Before I begin let me spend a few lines to introduce Nick the Kook because he has always been a popular character in this blog but since the move to surfingruinedmylife.net besides winning a few UCBs and the oddball comment he has yet to star in an actual blog.  He is going to make his way out to Santa Barbara for a ten day span starting Jan 5th so Im sure you will hear a lot more of him.


I first met Nick about 7 years ago when he was like 13 or something.  I had happened to paddle out at Brown Ave in Spring Lake (currently The Pipe) at the time I exclusively surfed Manasquan and Sea Girt very rarely making to Spring Lake and especially Brown Ave where a year prior a meat head surfer kicked my ass on the beach for back paddling him.  Just so my California readers know in a New Jersey line up altercations will most times go to the beach.  That is an entire different blog or sets of blogs altogether.

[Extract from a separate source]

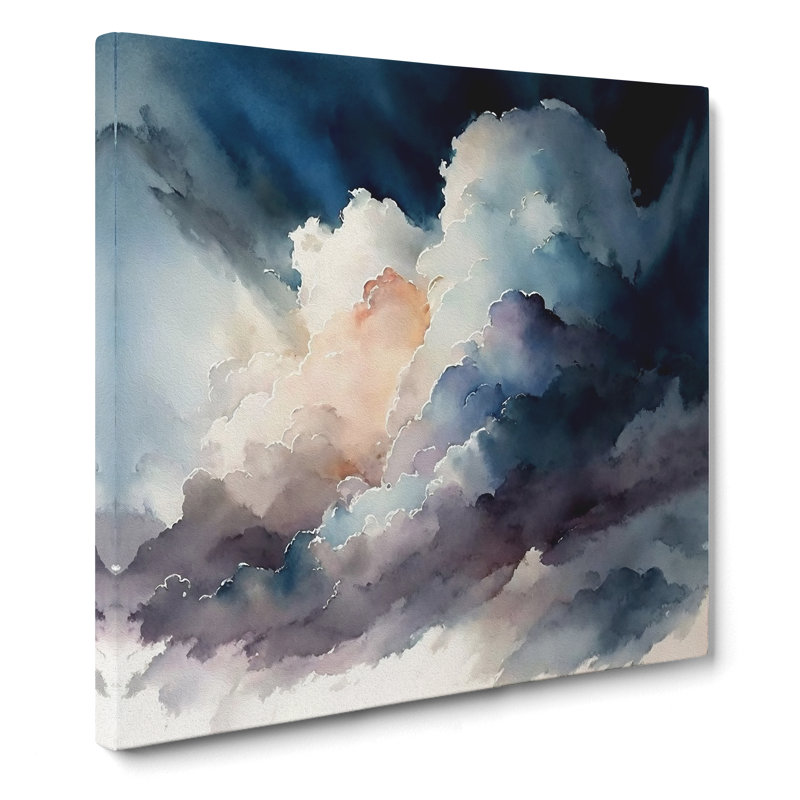 Cloudy Sky Watercolour - Wrapped Canvas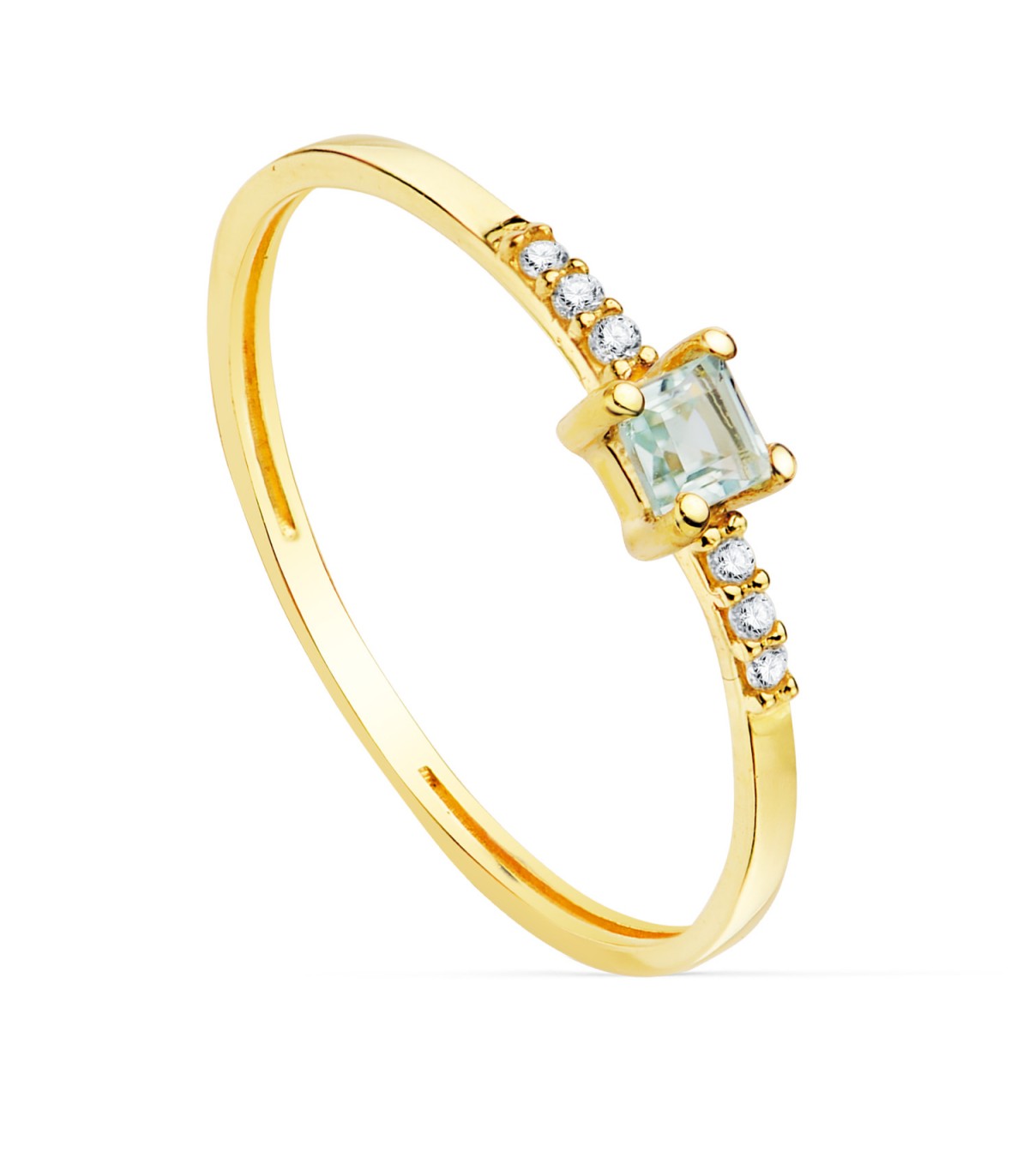 Anillo Streep Oro 18K Diamantes 0.030 Qts. Aguamarina - anillos con diamantes, anillos con piedra azul, piedra aguamarina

I happened to paddle out at Brown Ave to surf this shitty left all by myself.  I was out for no longer then twenty minutes when this scrawny kid showed up out of nowhere on a long board was super pumped.  We got to talking and he was interested in my travel and contests.  I guess he loosely knew me by reputation.  After that I did not see him again for over a year.


I took a job managing a small upcoming surf shop in Spring Lake and Nick was part of this cult following of groms who hung out there, most of whom I today have come to call my closest of friends.  Nick is one of those special people in life who are not afraid to throw caution to the wind with very little fore thought, basically my kind of man.  Whether it is getting staples in his head while pulling into double up close outs, lacerating his foot slipping on sea weed or loosing his teeth in a freak drunken piggy back ride accident you can always be sure if some great mishap of pure stupidity occurs Nick the Kook will be at the root of it.

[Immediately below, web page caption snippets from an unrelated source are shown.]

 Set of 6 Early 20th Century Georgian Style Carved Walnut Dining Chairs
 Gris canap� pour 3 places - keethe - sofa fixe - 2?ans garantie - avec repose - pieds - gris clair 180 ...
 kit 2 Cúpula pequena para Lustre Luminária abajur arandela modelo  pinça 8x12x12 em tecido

As some of you know I made a long awaited trip back to NJ for the holiday to see my family I have not been in New Jersey for two years and with my family for Christmas in four.  After spending the entire day being intoxicated while visiting my family Nick made me an offer to cruise to the bar with him and spend my evening being intoxicated with friends.  Who would I be to turn down a night out at the bar?


I get there and Nick, Mauriello, Beesley and Bojangles among many others were enjoying a beer.  I soon joined in.  We are all shooting the shit when Nick proclaims that he does not drink heavy anymore while at the same time ordering his third beer.  Keep in mind that Nick was my ride home and let me stress the word “was”.  After that Nick cruised around the bar and I lost track of him for about an hour, most of which time I spent in an attempt to order drinks from the world’s slowest bar tenders.  I finally got my drinks and was making my rounds shaking hands of old friends and acquaintances when Nick turned up completely smashed.


John and I were astounded how he went from relatively sober to stone drunk in under an hour.  “Some people bought me shots” spoken incoherently was his answer.  I wish some people bought me shots I was way to sober for his shenanigans.   Then I spent the night pleasurably following Nick and his antics around the bar.  It was like a game of drunken “Where’s Waldo”, plus he was wearing this bright green shirt allowing him to stand out a little.


Every time I caught eye of the kid he was slouched over, mouth open and droopy eyed.  Then I observed him at the bar looking to get another drink.  My intention was to walk over stop him but then he offer to buy me a drink and my asshole inclinations took over thus I ended up with a beer.  As soon as the kid got his brew he was on the move once again and out of my sight.  Sometimes he popped up groping the occasional girl or sloppily hitting on another.


I had a ball watching the guy.  At one point I searched for him for twenty minutes only to have him pop up out of no where, say some incoherent thing to me and then walk out the door.  I never saw him again that night.  Good thing I always have a back up plan.  People used to always say that I should have my own reality show but I think one of Nick would be far more entertaining.